I’ve not written about this. Likely because it requires a bit of vulnerability. And while I am pro-vulnerability and write about the importance of it, especially for leaders, I also have moments of fear. Vulnerability isn’t always self-disclose, but it can involve some level of self-disclosure, and sometimes sharing something about ourselves can be scary because once it’s shared, it’s out there, and we can’t take it back.

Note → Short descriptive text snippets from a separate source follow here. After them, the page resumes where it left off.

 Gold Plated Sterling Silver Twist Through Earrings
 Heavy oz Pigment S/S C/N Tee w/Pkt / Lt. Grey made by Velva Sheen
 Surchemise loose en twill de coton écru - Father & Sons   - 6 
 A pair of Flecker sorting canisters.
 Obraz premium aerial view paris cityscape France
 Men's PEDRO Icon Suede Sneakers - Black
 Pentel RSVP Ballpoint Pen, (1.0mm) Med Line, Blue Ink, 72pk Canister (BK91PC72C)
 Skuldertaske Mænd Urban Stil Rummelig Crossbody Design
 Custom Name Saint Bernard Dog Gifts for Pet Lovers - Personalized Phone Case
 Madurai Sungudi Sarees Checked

I’ve struggled with anxiety ever since I was a little girl. I think a lot of it stems from childhood trauma, starting with the death of my father. The idea that something so horrific can happen and be entirely out of our control can be anxiety inducing for any person.
As I’ve grown older, I’ve noticed that feeling of anxiety at moments that haven’t quite matched the feeling. Moments where I should in theory be able to relax.
A couple of years ago, through the help of a professional, I learned something. It turns out that my anxiety or my forty years of believed to be anxiety was actually ADHD. This baffled me; mostly because of my preconceived notions about the symptoms of ADHD.
I guess it’s more common for women my age to be diagnosed with ADHD than one would think since many of us have developed coping skills.
For me, it wasn’t so much struggles to pay attention in meetings or complete tasks, it was the way I held onto emotions, thoughts, or ideas even when I wanted to let them go. I did this quietly without telling anyone, but I would ruminate. I would replay that situation in my mind over and over and over and try to plan for what to do next at a level that was unhelpful and unproductive. I would experience big feelings and hold onto them. Feelings that didn’t seem to match the situation. And I would know there was a mismatch, so I would keep them quietly tucked away without telling anyone. I’m not saying that this is a sign or symptom of ADHD. Just that this is how it presented in me.
It’s been about two years since I received a very low dose of medication and have been seeing a therapist. I was telling her this past week about what I mentioned in my last post. How I feel like for the past few years, I’ve been saying I want more peace, but I’m not making progress or at least meaningful progress.
She took out her notes from this time last year and read them aloud to me.
It turns out…
I’ve actually made a lot of progress. I’ve truly done some inner work that is notable. I’ve embraced strategies that I wasn’t using a year ago. I feel remarkably more peaceful than I did a year ago even if I am not where I want to be…yet.
Here’s the thing about inner work, it’s not always visible in the ways that physical transformations can be or work projects can be. Inner work is messy, often non-linear, and progress can be slow.
But just because you can’t see your growth right now, doesn’t mean it’s not happening.
Had she not taken those notes, I probably wouldn’t have believed it.
So, there might not be a before and after picture or a to-do list that’s checked off, but do yourself a favor. If you want more peace or happiness or name a thing you want for yourself that is internal, write it down somewhere. Because if you don’t, and then you put in the self-development work, you may miss your own growth. And what a shame that would be.
Seeing progress reminds us that our actions matter.
And if our actions matter, it’s a nice reminder of how much we matter. It matters that we are here. Trying and trying again tomorrow.
This is what the world needs. People who keep trying.
The real work is the work we do on ourselves. Everything else is secondary.